Andy Payne discusses the potential impact of a No Deal Brexit on the UK games industry

Ever since the EU referendum result suggested that the UK would leave the EU -- by a very narrow majority -- I have feared for the UK games industry.

As a long term advocate, activist and actual fighter for the UK games industry, I have seen it experience many peaks and troughs. I fought personally for 10 years to get successive UK governments to introduce the video games tax relief in order to reverse the talent drain from the UK to Canada. I remember being told by government, civil servants and some games companies that the EU would never allow this as it went against State Aid rules. Indeed one of our trade associations was distinctly moot when it came to supporting this call back in the day.


Andy Payne, AppyNation

I remember reading the legal advice line by line and taking what I thought was either lazy or plain wrong thinking to task. Myself, Ian Livingstone and TIGA made the case for years and we backed it with evidence, all the time seeing first-hand the effect that the Canadian initiatives were having on our talent and our industry. Friends of mine upped sticks and left for pastures new. It broke my heart.

Eventually, in February 2010 (now with the full support of UKIE, too), a Labour government accepted the arguments we had made and granted the Video Games Tax Relief measures we desperately needed to sustain and grow our amazing industry again. Sadly on the 20th of June that same year, George Osborne the Tory chancellor, threw that policy out and we took yet another step back. Did we give up? Did we hell.

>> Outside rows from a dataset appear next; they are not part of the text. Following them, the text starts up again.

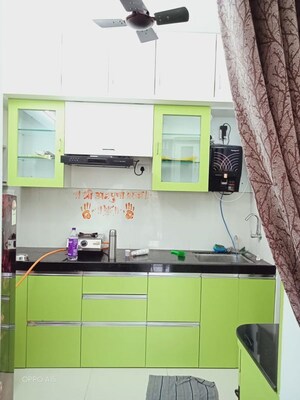 Kitchen in 2 BHK Apartment at Shapoorji Pallonji Joyville Hinjewadi, Hinjewadi – for Rent
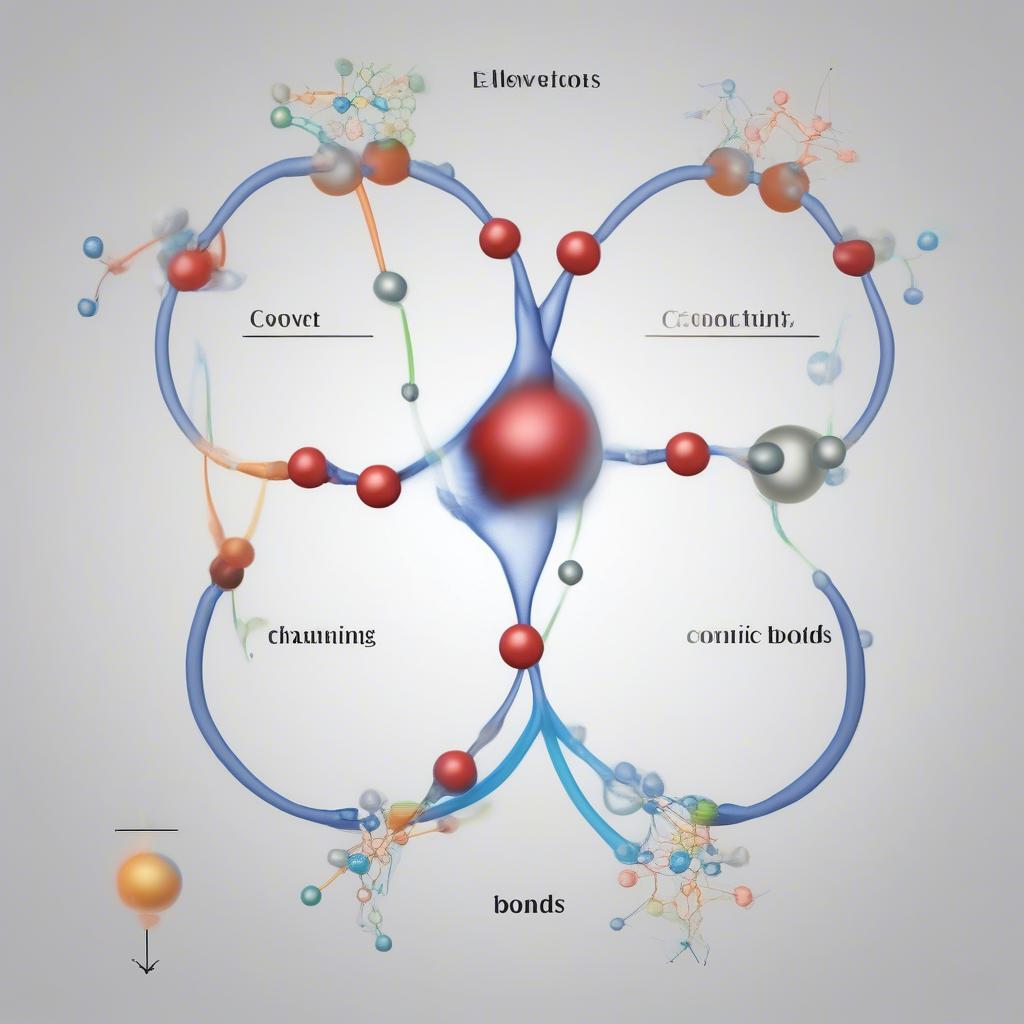 Sự biến đổi của electron trong quá trình hình thành liên kết hóa học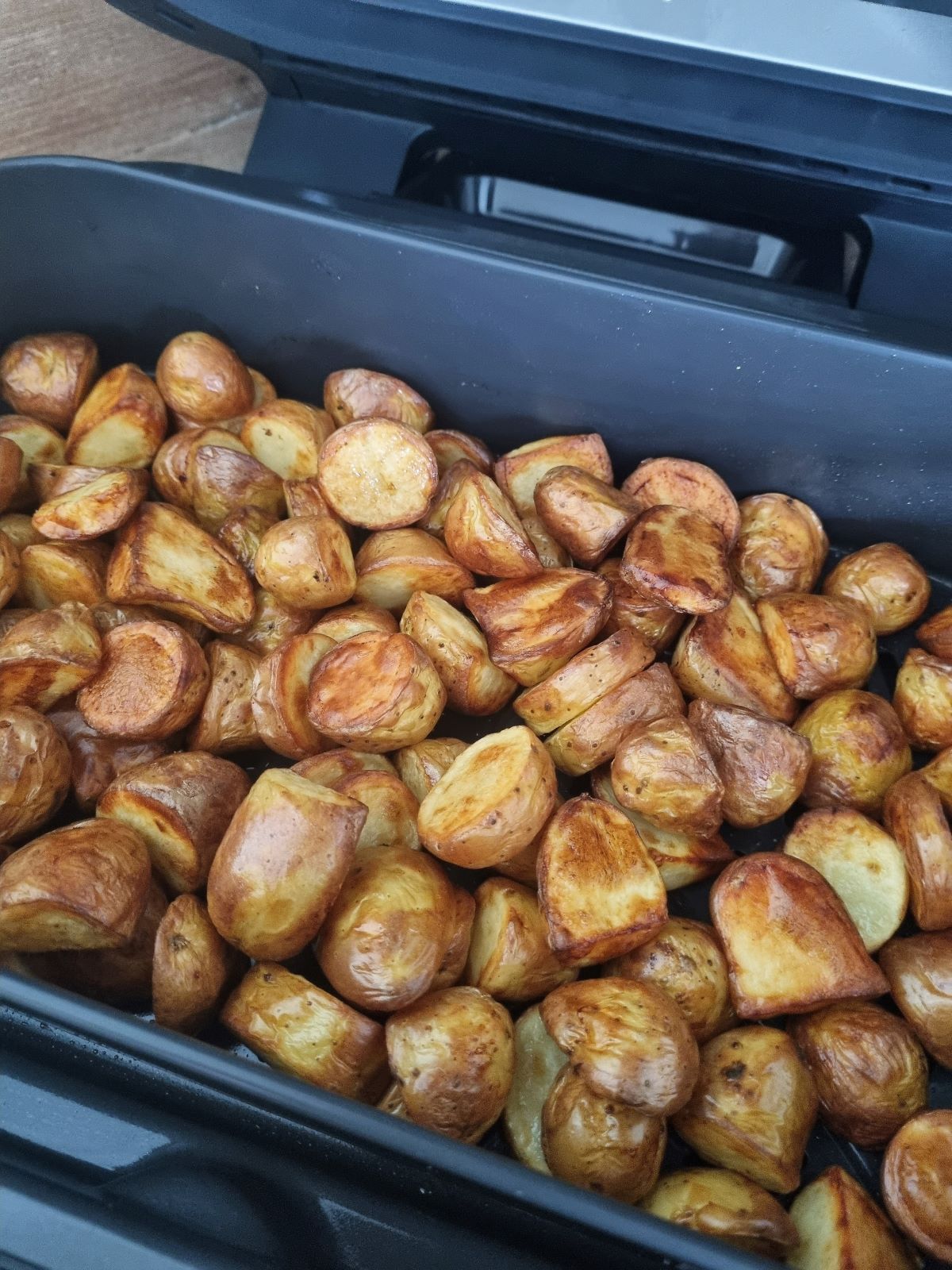 Pommes de terre cuites en Air fry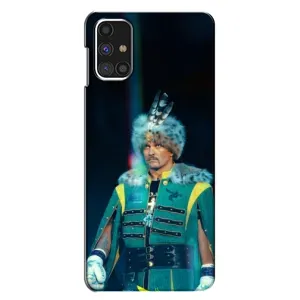 Чохол з картинкою Олександр Усик для Samsung Galaxy M31s (Усик Гетьман)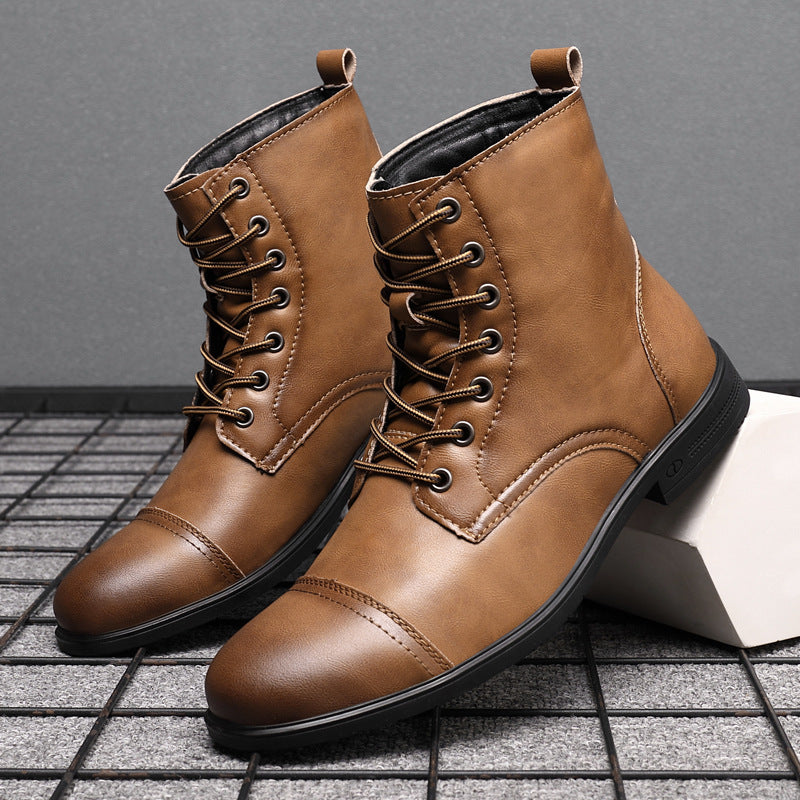 Morgan | Lederstiefeletten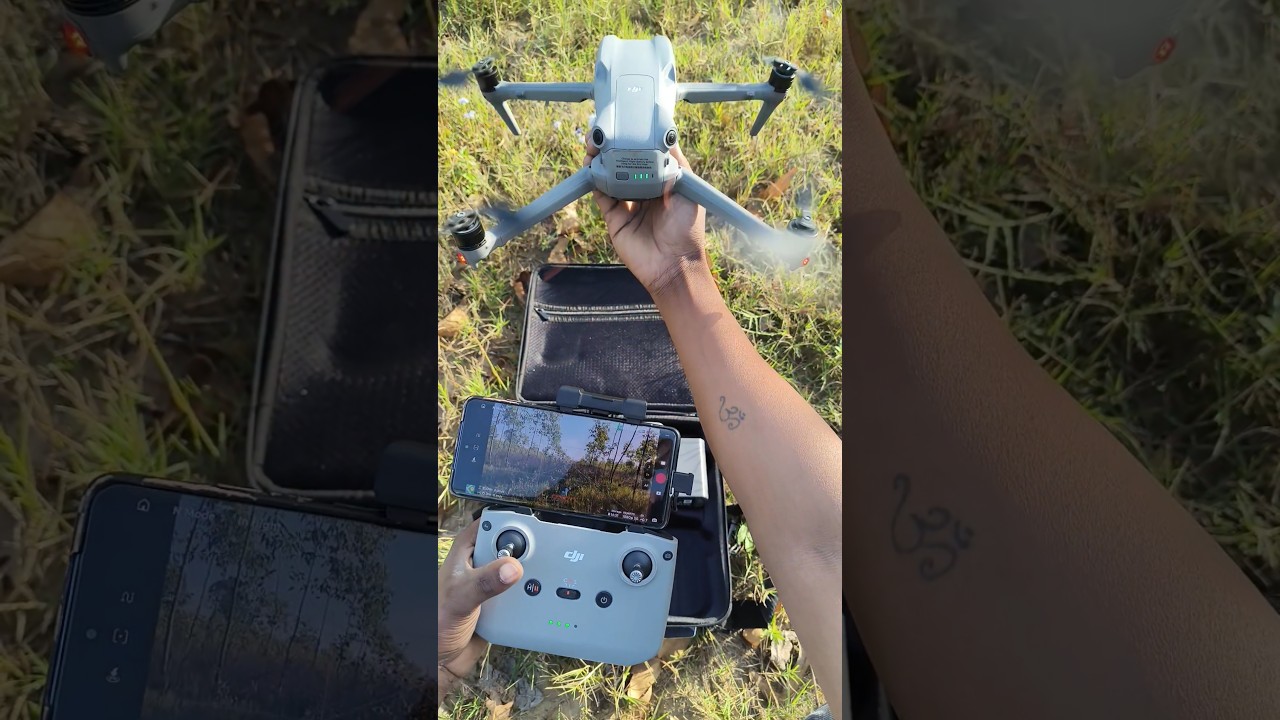 dji air3 drone fly #djiair3 #drone #reels #shorts #shortvideo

All of us who had been there from the start pressed on and continued to build evidence and lobby for change. Two years later, we got the Video Games Tax Relief back. Every year since then we have seen amazing returns for the UK treasury and the UK industry has grown and prospered. Add to this the fact that the UK also became the tech start up capital of Europe with investor capital flowing in to take advantages of solid tax incentives such as EIS and SEIS, and things were really looking up.

We were a magnet for incredibly talented people from all over the world, people who enjoyed our open and liberal values. People who wanted to come to the UK to make their lives, build businesses and have their families. The UK had an enviable reputation and was a country with clear and robust IP and property laws. We were a country known for pragmatism and diplomacy.

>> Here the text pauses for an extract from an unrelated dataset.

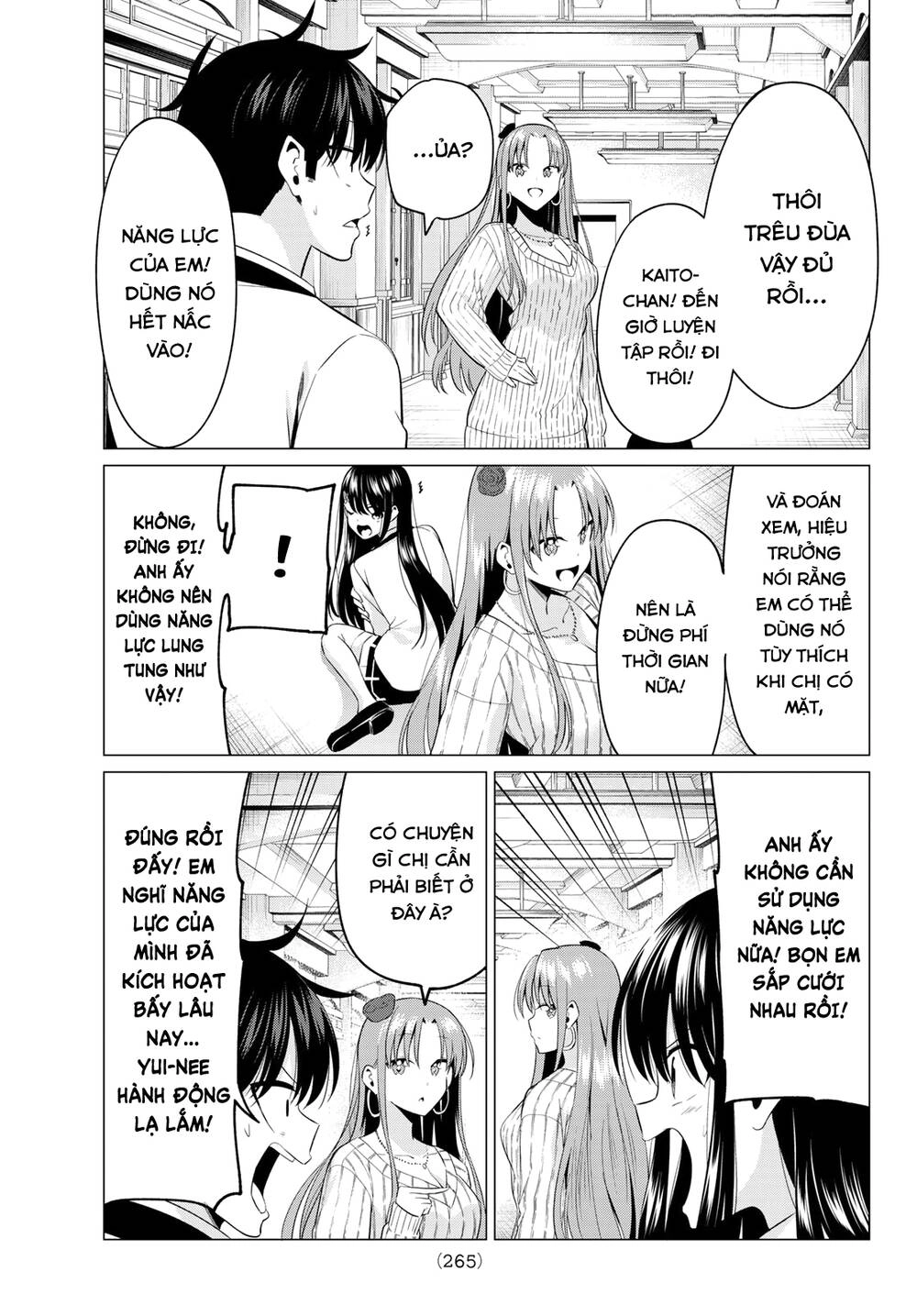 Tôi Không Biết Đây Là Do Tình Yêu Hay Phép Thuật Nữa! Chapter 5 - 18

Fast forward to 2019. We have a government who seem to be deaf to the views of people who both start and work in businesses. We have a government who want to throw up some half-arsed immigration policy with arbitrary salary thresholds which make no sense, other than to pander to those who feel immigration is a nation killer. A government which consistently ignores mounting evidence from its own civil service that clearly proves that leaving the EU will make the UK poorer on all levels. A government which refuses to countenance any change of course, despite the evidence that voters would like a chance to have their final say on whether they actually want the deal that they have actually negotiated. A government who quote the 'will of the people' as opposed to listening to the people.

"Decades of trading and legal agreements will be shredded instantly. We have absolutely no precedent for this event, let alone for a country as complex as the UK"

Add to that this government's point blank refusal to rule out a car crash 'No Deal Brexit' where we leave in an unruly fashion, without an agreed withdrawal agreement. And yet they tell us, the real wealth creators and contributors, to make our plans for a No Deal exit from the EU. How can we possibly make plans for something so outrageously callous as a No Deal?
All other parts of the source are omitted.